- [WORK INSTRUCTIONS]: Set down every line from the one with "Gestreiftes Hemd mit" to the end of the entries, both ends included, exactly as it reads and without pictures.

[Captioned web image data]
====================

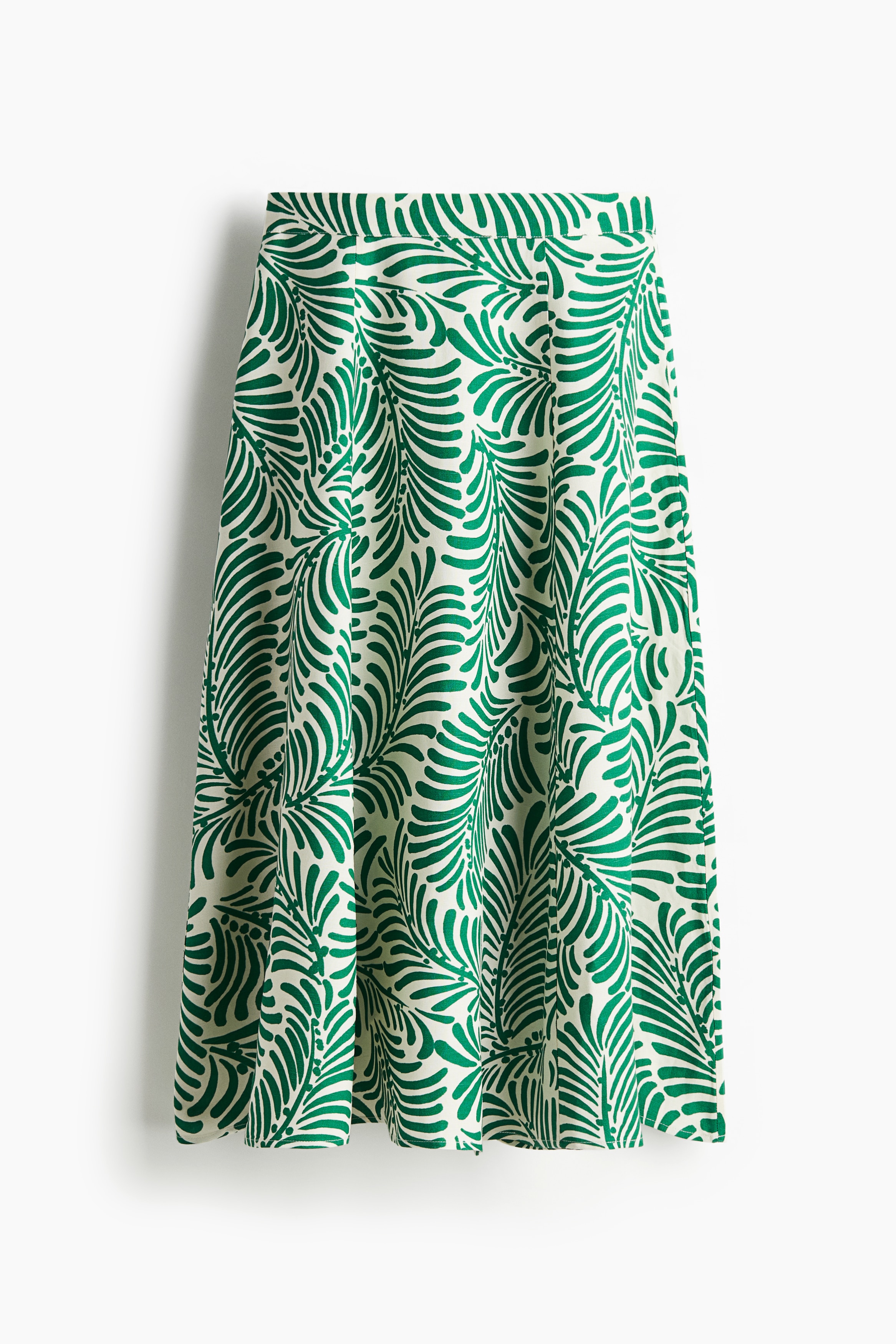 Linen-blend skirt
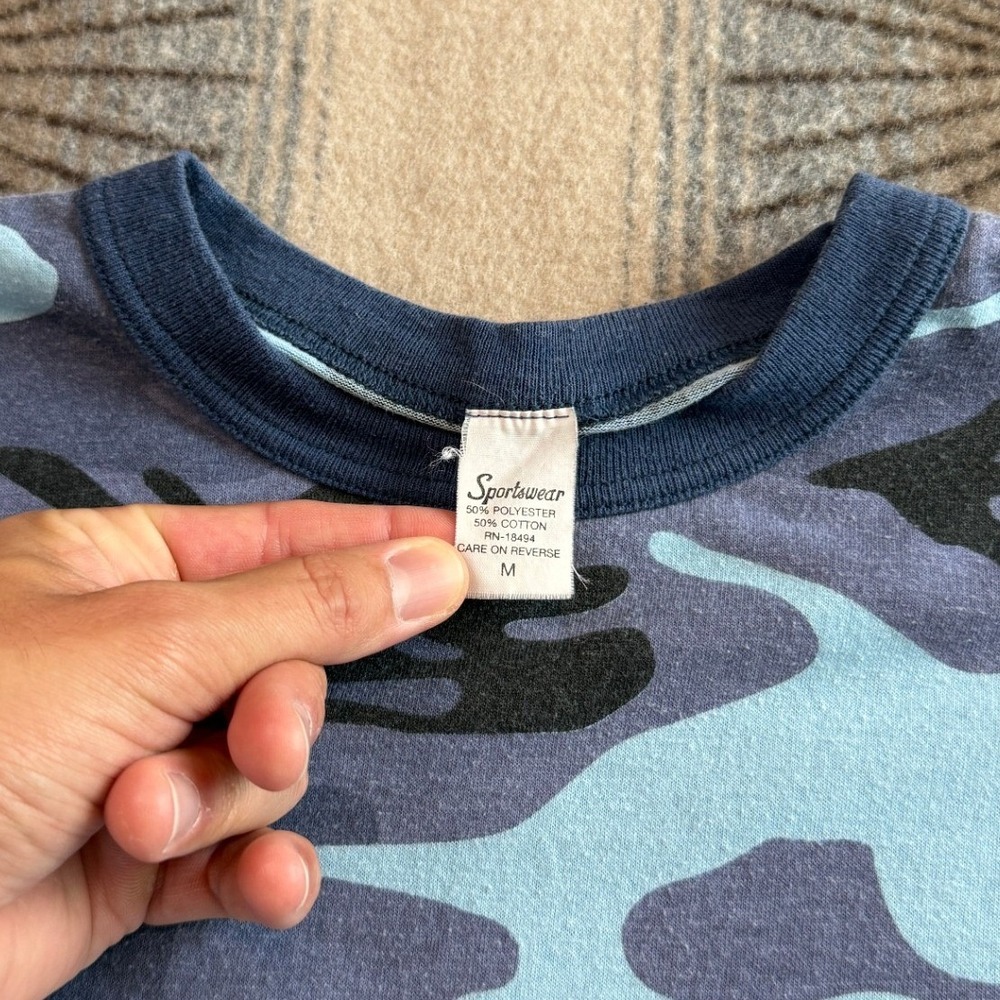 Vintage Sportswear Blue Camo T-Shirt Mens Medium Single Stitch Camouflage Tee - Picture 3 of 6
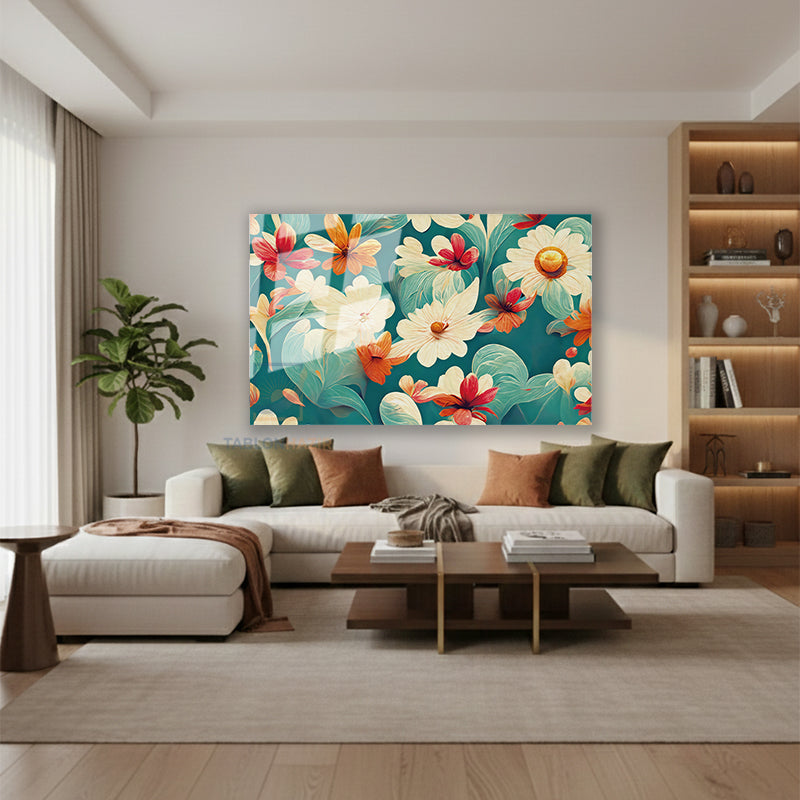 Yatay Cam Tablo Salon Duvar Tablosu Yatay Cam Renklicicekler1 Yeni Ev Hediyesi Ofis Tablosu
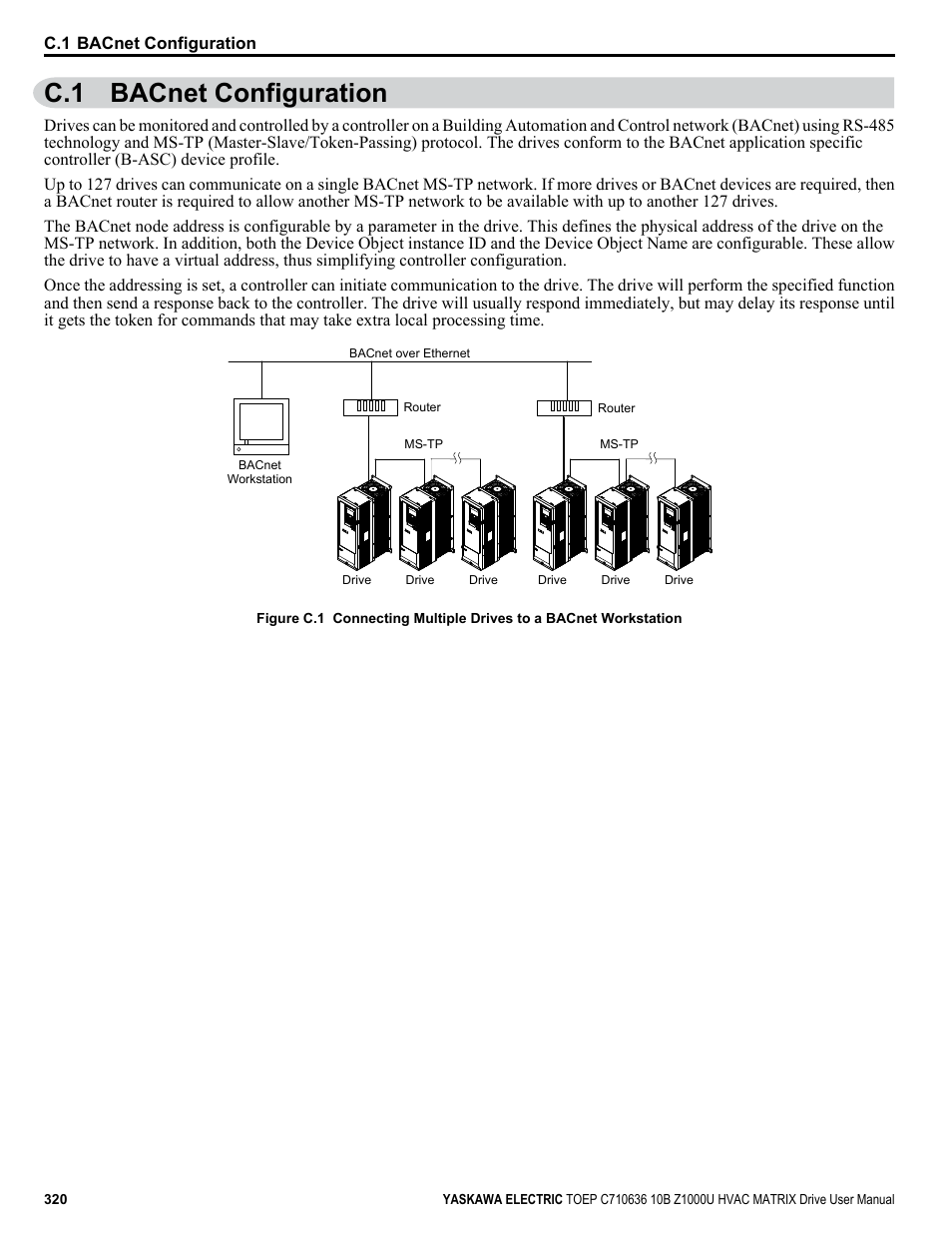 Bacnet configuration, C.1 bacnet configuration | Yaskawa Z1000U User Manual | Page 320 / 378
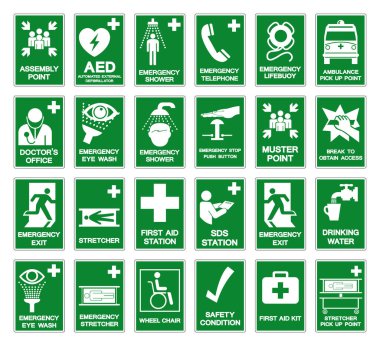 Set Of Safety Condition Collection Symbol Sign, Vector Illustration, Isolated On White Background Label .EPS 10  clipart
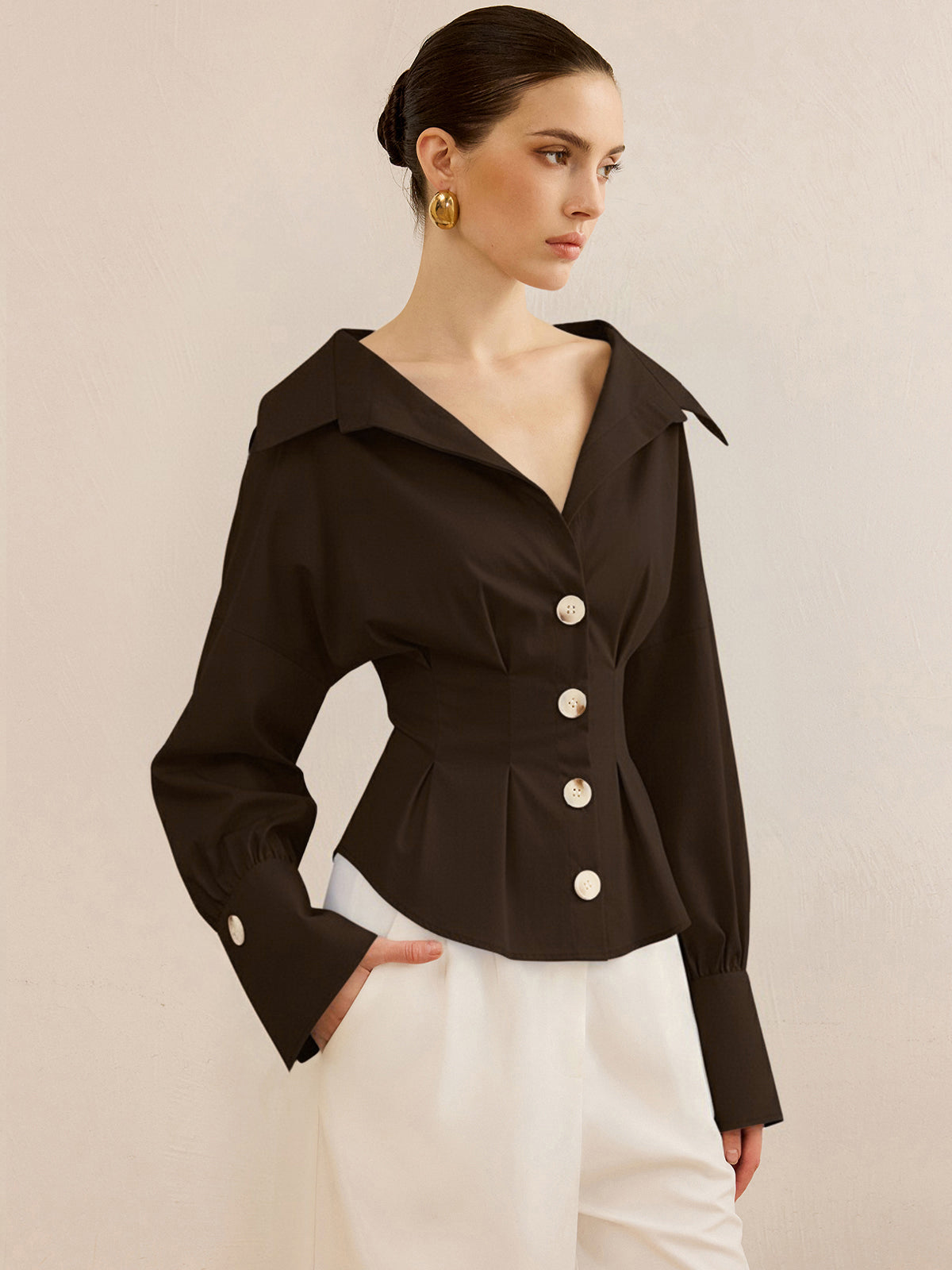 Gestreiftes Hemd mit Kragen und taillierendem Design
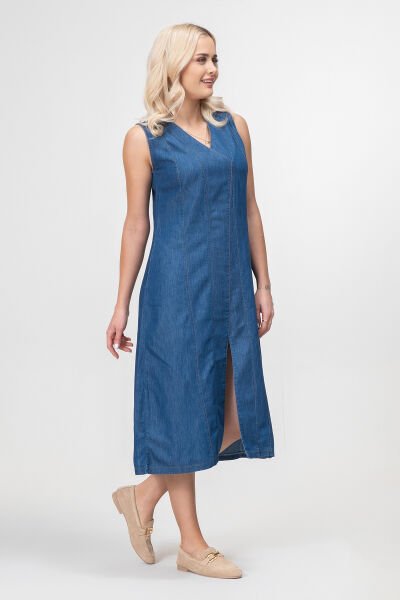 Bold and Young Kadın Yırtmaçlı V Yakalı Kolsuz Pamuklu Elbise 3XL - indigo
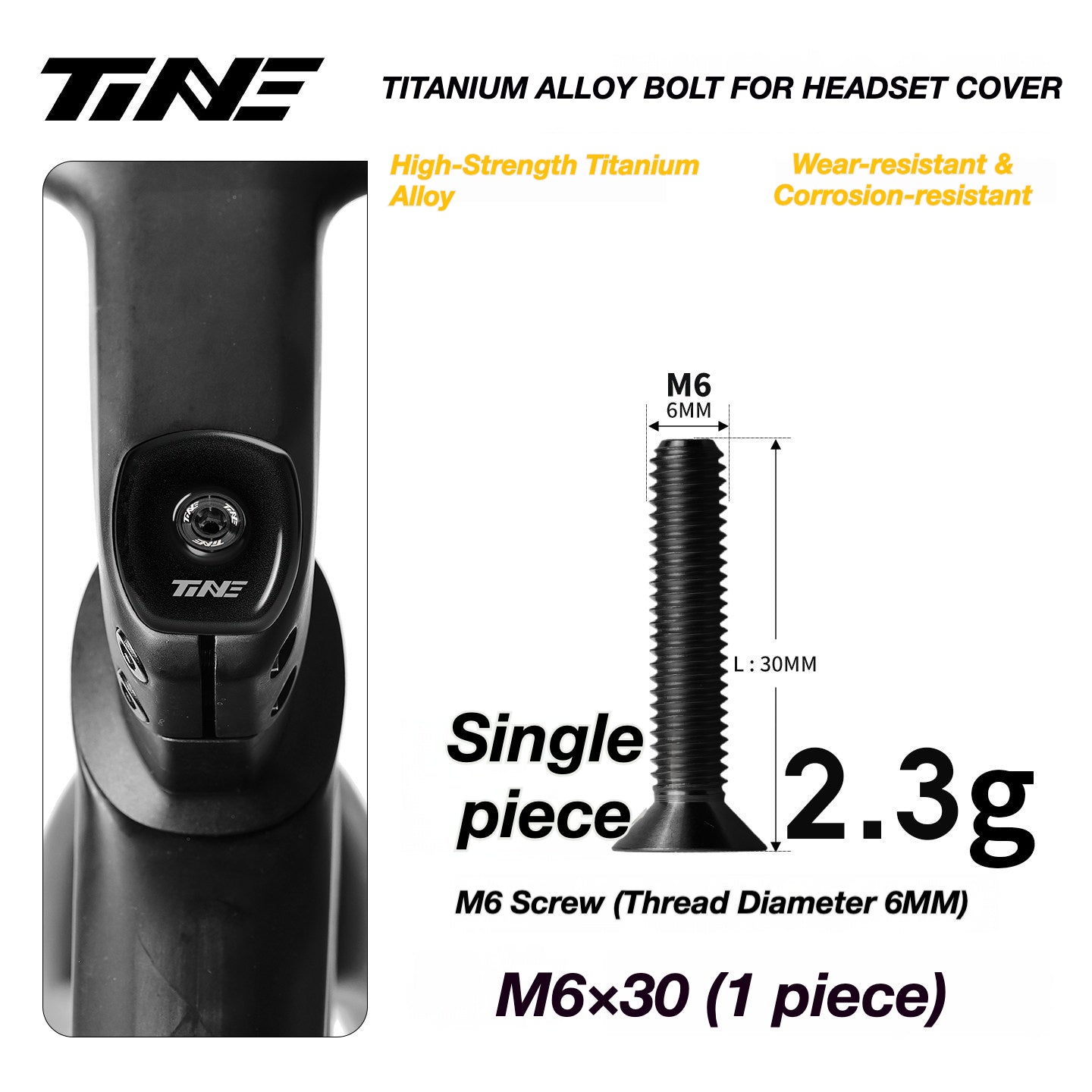 TiNE Ultra-Light Titanium Headset Top Cap Screws | Precision CNC Titanium Upgrade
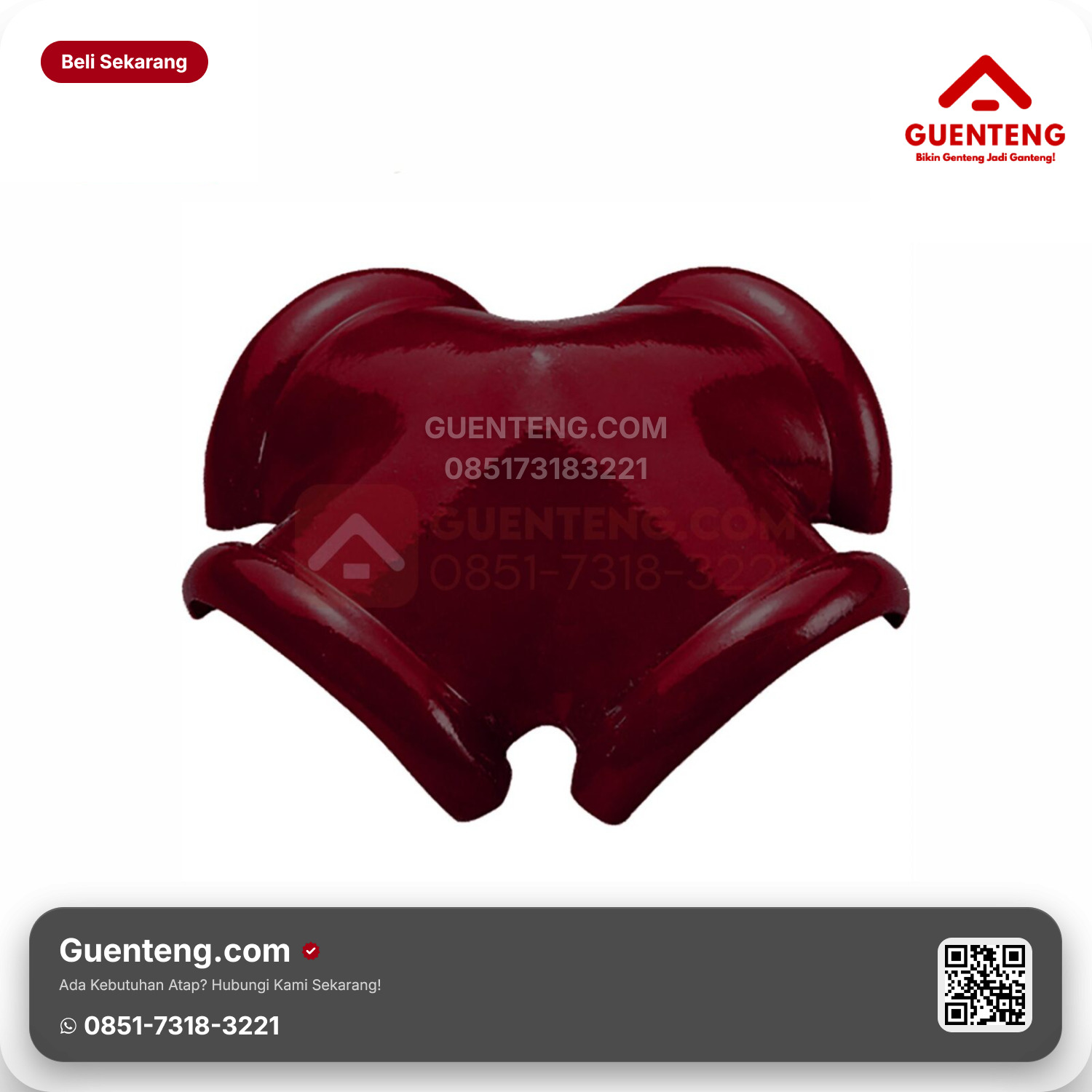 Genteng Keramik Nok 4 Arah Jurai Kanmuri Milenio Aksesoris Maroon Grade 1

====================

- [PROBLEM SOLUTION]:
 Gestreiftes Hemd mit Kragen und taillierendem Design
 Bold and Young Kadın Yırtmaçlı V Yakalı Kolsuz Pamuklu Elbise 3XL - indigo
 TiNE Ultra-Light Titanium Headset Top Cap Screws | Precision CNC Titanium Upgrade
 Genteng Keramik Nok 4 Arah Jurai Kanmuri Milenio Aksesoris Maroon Grade 1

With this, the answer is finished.